Work to be completed => Take the lines in the listing below from the line with "LUNA SEA シングル&アルバムCD 7 作セット" up to and including the line with "Comprender el valor" and set them down exactly, skipping pictures and adding nothing.

Material for the task =>

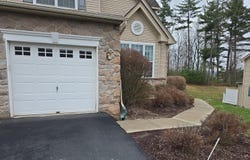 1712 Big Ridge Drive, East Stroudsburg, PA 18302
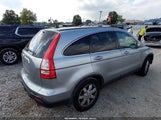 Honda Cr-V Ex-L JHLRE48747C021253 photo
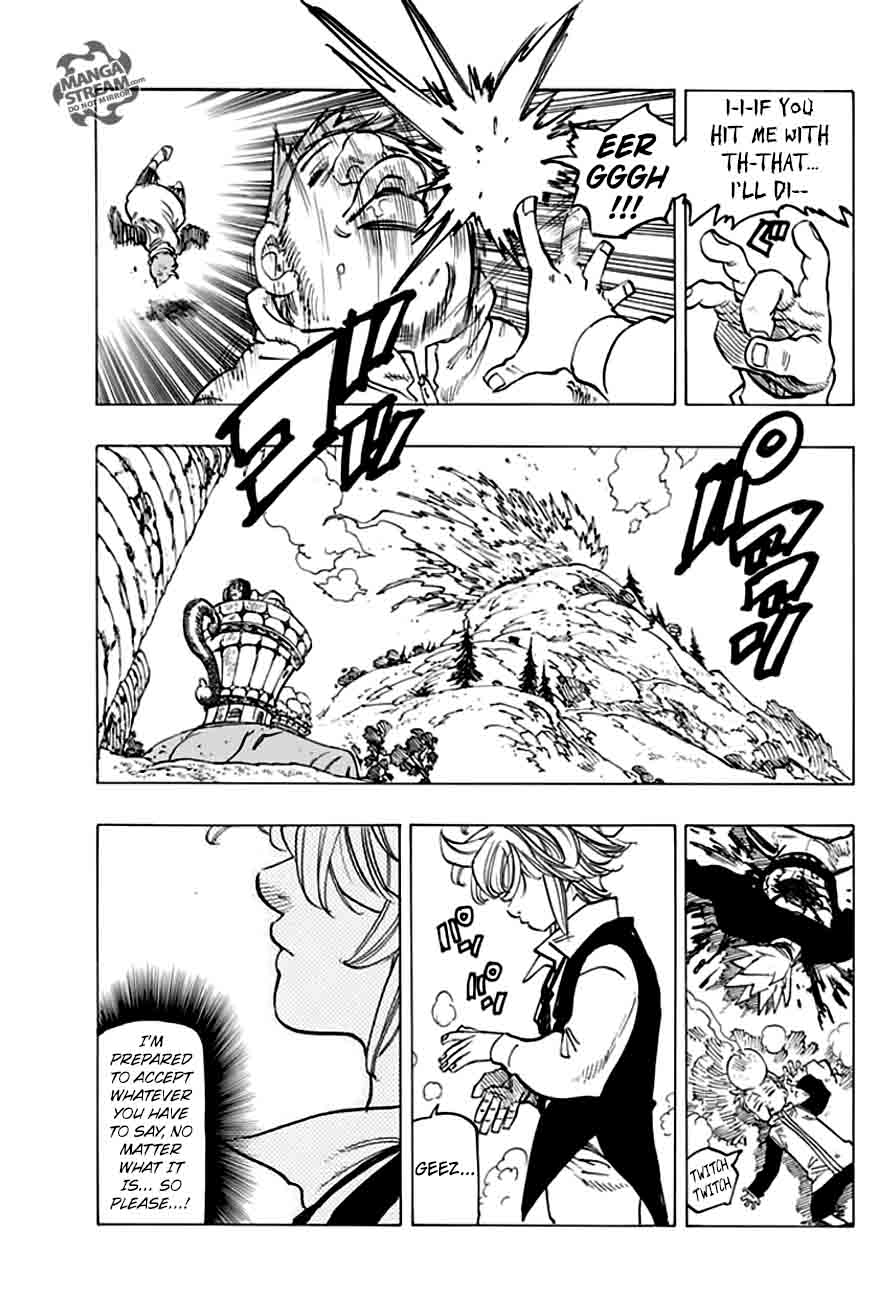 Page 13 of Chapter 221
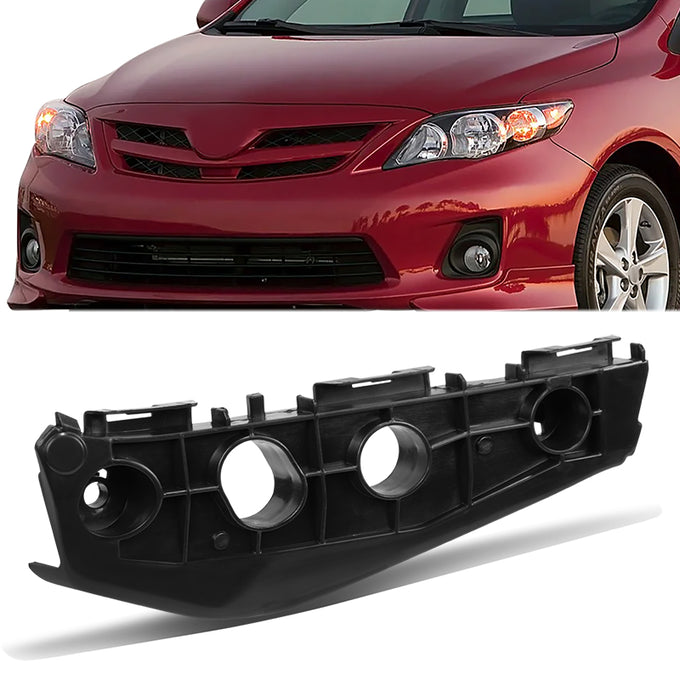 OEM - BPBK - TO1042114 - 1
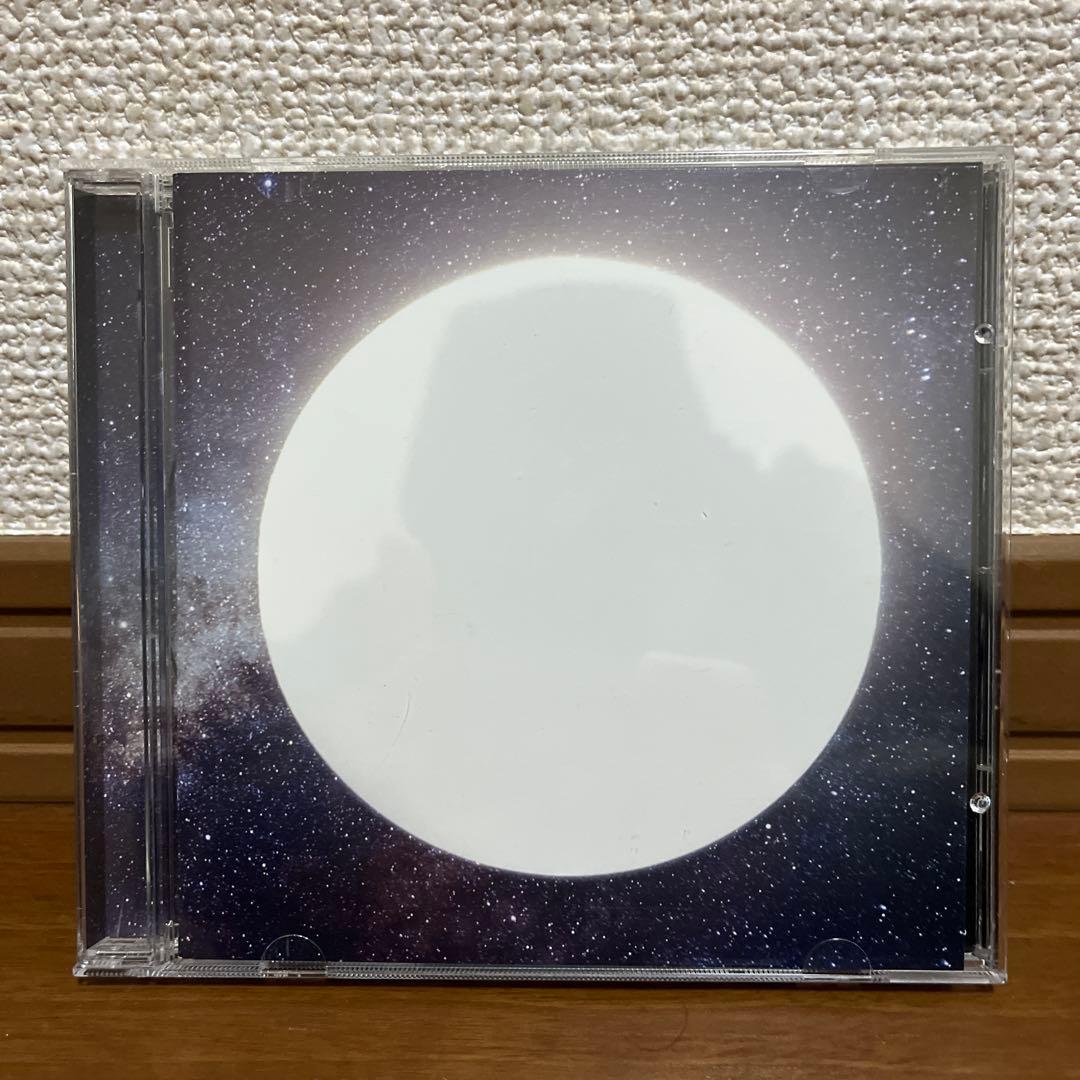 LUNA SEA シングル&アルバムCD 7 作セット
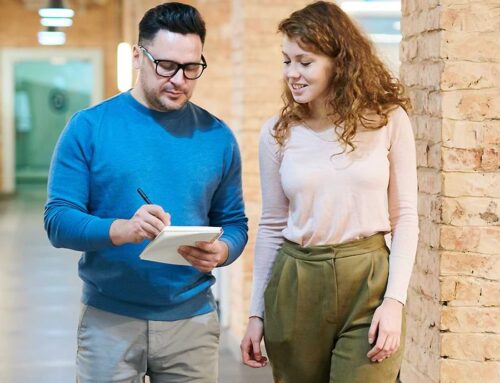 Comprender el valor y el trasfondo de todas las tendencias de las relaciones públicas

...

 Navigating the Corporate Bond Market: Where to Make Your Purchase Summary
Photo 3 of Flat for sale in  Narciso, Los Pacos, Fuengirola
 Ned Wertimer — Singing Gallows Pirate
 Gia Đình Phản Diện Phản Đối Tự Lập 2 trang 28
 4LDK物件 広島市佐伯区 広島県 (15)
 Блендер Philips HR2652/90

Reply to the task =>
 LUNA SEA シングル&アルバムCD 7 作セット
 Comprender el valor y el trasfondo de todas las tendencias de las relaciones públicas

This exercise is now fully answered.